> The problem: Transcribe the listing that follows in full, exactly, and drop its images.

> Data block:
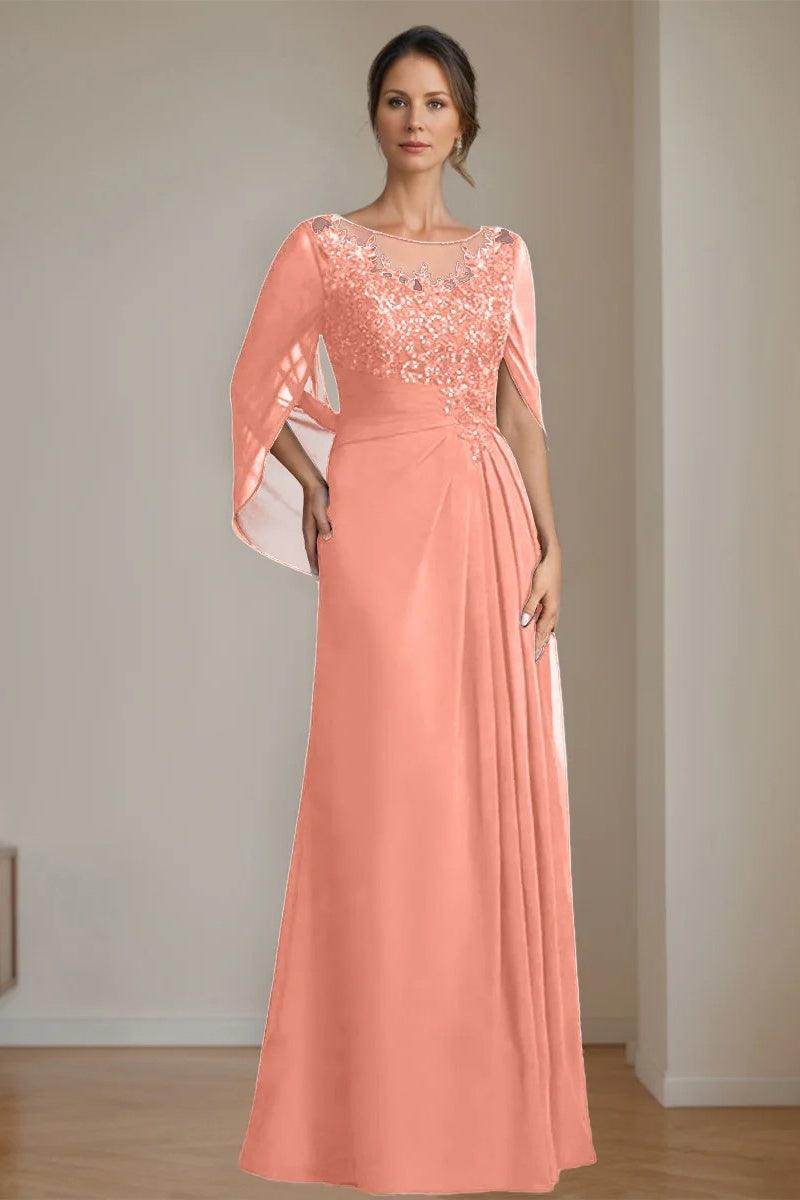 A Line Scoop Floor Length Sequins Mother of the Bride Dresses CM0369 - COCOMELODY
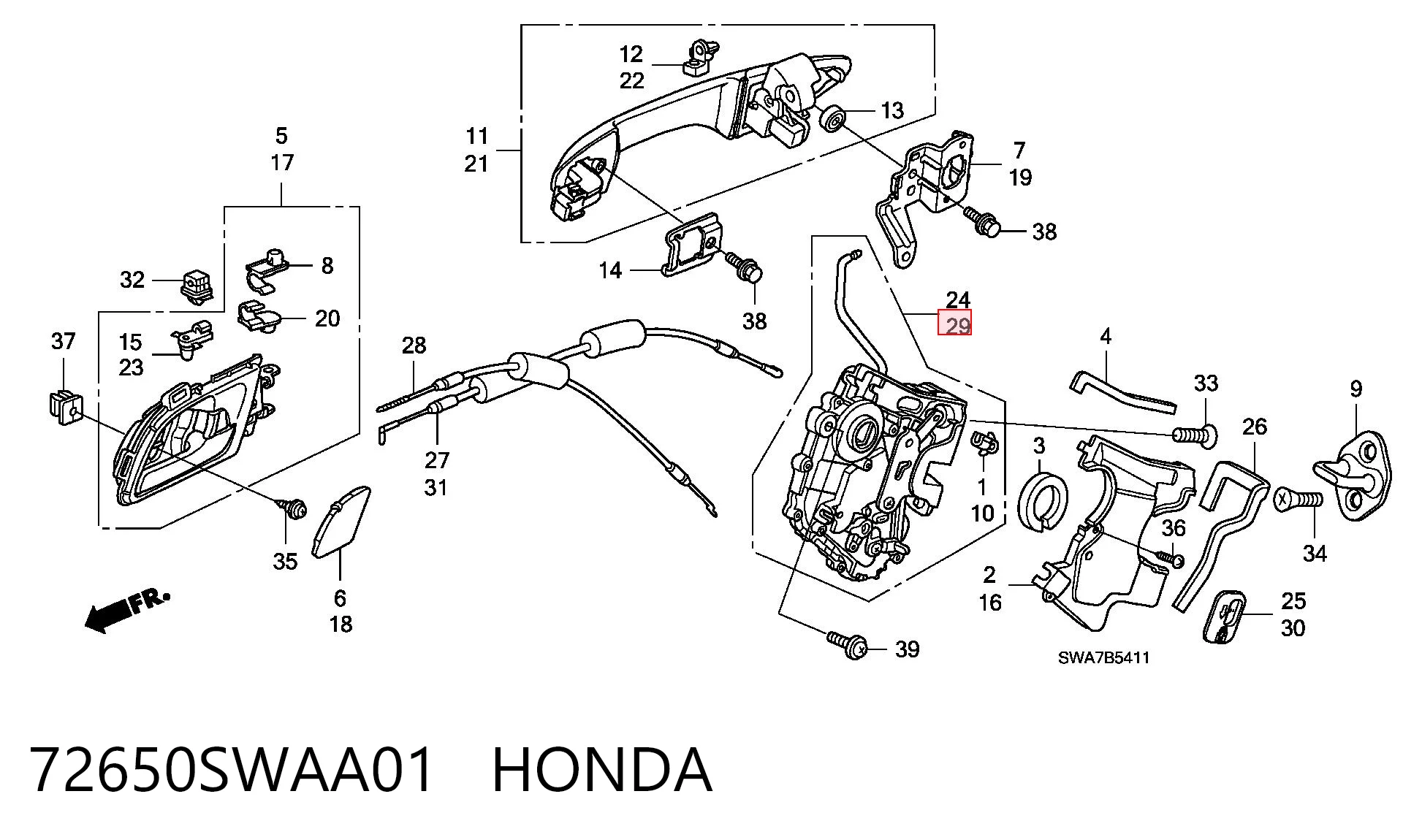 72650SWAA01 Honda Замок задніх дверей, лівих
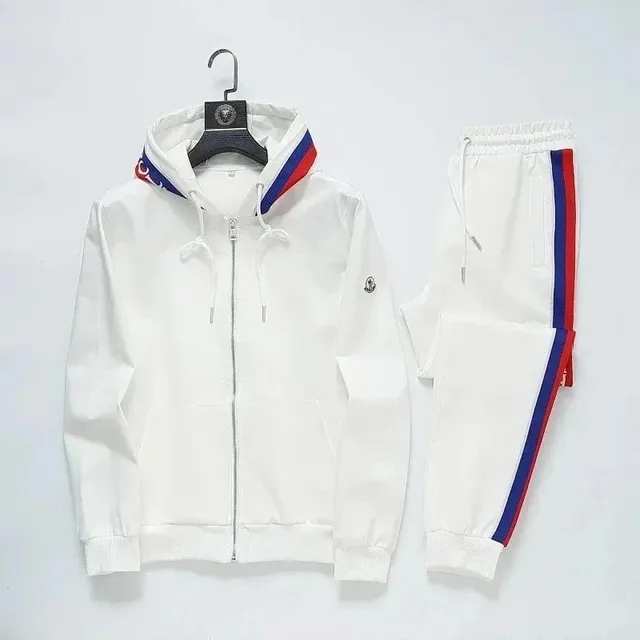 Moncler Track Suit White with Red and Blue Stripes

> Task answer:
 A Line Scoop Floor Length Sequins Mother of the Bride Dresses CM0369 - COCOMELODY
 72650SWAA01 Honda Замок задніх дверей, лівих
 Moncler Track Suit White with Red and Blue Stripes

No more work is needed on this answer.